A word about orphanages and Tourism in Cambodia
A very important part of ConCERT's work is to raise awareness for the variety of problem Cambodia faces today and how to help. One tourism-related issue is the increasing number of orphanages, especially in Siem Reap.
There is a belief that Cambodia is full of orphans waiting in orphanages for a family. Residential centres for children, many of which call themselves orphanages, are indeed numerous in Cambodia. In 2010 there were 269 “orphanages”, 21 run by the government and 248 privately owned.
In the early 80s after years of war, Cambodia was full of displaced children and orphans who needed a place to stay; however, this is not true anymore. According to estimations there are 553,000 orphans in Cambodia and the number of children living in orphanages is quite small with 11,945 children under 18 years old living in institutions in 2010. Furthermore, only 26% of the 11,945 in the centres are orphans. The fact is that less than 1% of Cambodian orphans live in orphanages. In the vast majority of cases anywhere in the world, children who lose their parents are cared for by their extended family or community; the above figures confirm that this is also the case in Cambodia.
However, the myth persists that “orphanages” are the solution, and the only solution, for poor Cambodian children.
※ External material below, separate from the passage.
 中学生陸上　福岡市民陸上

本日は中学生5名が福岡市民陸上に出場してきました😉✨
Orphanages attract vast amounts of support and the number of privately run centres has risen dramatically from 132 in 2005 to 248 in 2010. Bodies such as UNICEF, Save the Children, and Friends International assert that through supporting the rising number of private residential care centres in popular tourist destinations such as Siem Reap, well meaning visitors are unwittingly promoting and perpetuating the needless break up of poor families in the misguided belief that they are helping. At the same time, this practice is diverting funds and attention away from more appropriate, (and cost effective), community support based solutions. Extremely vulnerable children are removed from their families and communities, (sometimes being moved to different provinces), thereby losing their natural first line of defence. Families on or below the poverty line are most at risk, especially mothers who are bringing up children alone.
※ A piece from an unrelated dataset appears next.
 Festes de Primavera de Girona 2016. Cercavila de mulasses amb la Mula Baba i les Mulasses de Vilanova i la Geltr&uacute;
The findings of more than 60 years of scientific research worldwide confirm that removing children from their families and communities and placing them in institutions, even in centres with high levels of resources and child care expertise, brings considerable problems and should only be considered in circumstances when there are no other options. Very often, children show indiscriminate and inappropriate demands for affection and are unusually friendly towards others, including strangers. What seems "so lovely" to foreigners who are welcomed into orphanages by children holding their hands and hugging them is in fact a sign of their distress. (Friends International – Myths and Realities about Orphanages in Cambodia)
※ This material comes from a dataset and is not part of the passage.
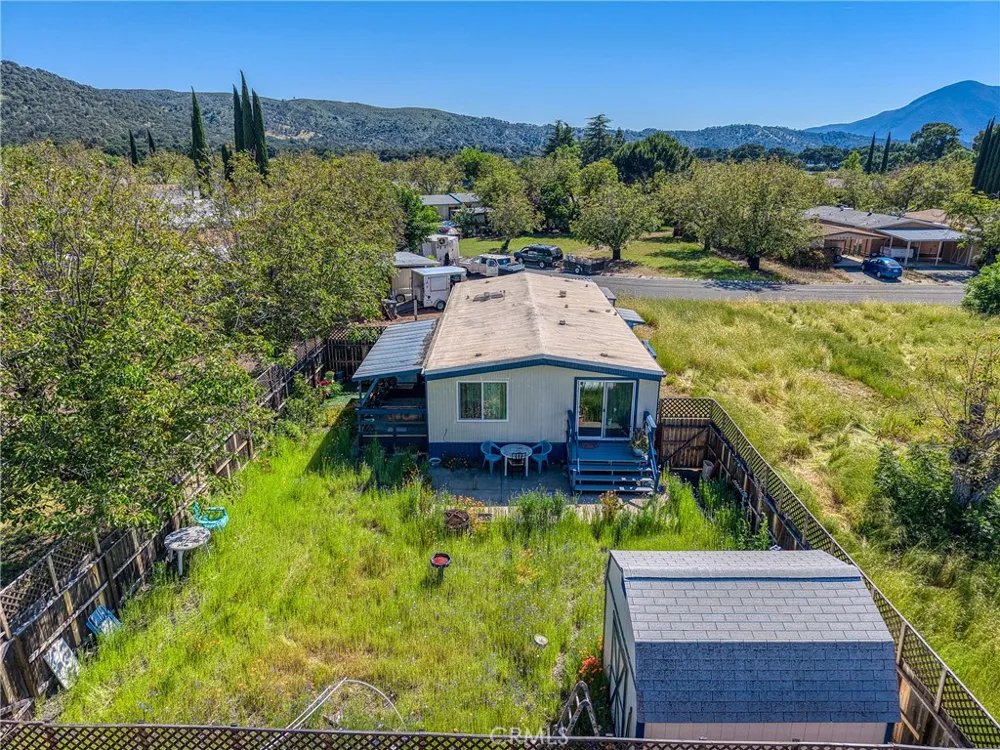 13902 Apple Lane Clearlake Oaks, CA 95423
But it’s not surprising that people are supporting orphanages. They are increasingly being told by many agencies, (including schools and universities, travel companies, volunteer placement organisations, and the general media), that it is very easy for them to do something during their travels that can “make a difference”. This ever increasing supply of resources, (both volunteers and financial), encourages more and more people with a limited understanding of child care and very mixed motives to start orphanages of their own. ConCERT’s experience is that the problems this brings are manifold:
- Many centres are operating an open door policy for visitors and volunteers with the aim of raising more funds, and with little regard for the safety and wellbeing of the children
- Some centres are being run primarily as a means of providing an income for the founders and their families; others are run by people with a genuine concern for the children but who simply don’t have the necessary skills and resources
- Whatever their motives, there are many people running the “orphanages” who have little or no skills and experience in operating something as complex as a residential childcare institution; many have never managed any type of enterprise and have limited knowledge, or interest, in:
- Basic planning and administration, including transparent financial management
- Criteria and assessment procedures for admission of children to the centre
- Maintaining links with families or reintegrating children with their families or communities
- Child protection procedures for staff, volunteers, visitors, other children, and home visits
- Staff recruitment, training, mentoring and discipline
- Pastoral care including nutrition, health and safety, hygiene, basic healthcare and first aid
- Child development, including the monitoring of educational development
- Vulnerable families are encouraged to send their children believing they will be better cared for than at home
- More worryingly, this attitude is seeping into the consciousness of poor families, who are now often actively seeking places for their children in such centres in the two-fold belief that their children will be better off, and that there are no alternative solutions
Added to this mix is a constant stream of well intentioned but ill informed volunteers and visitors, many of whom have no experience or skills in how to provide appropriate pastoral care for institutionalised children, and with little or no knowledge about the country, culture, and overall situation they are supporting.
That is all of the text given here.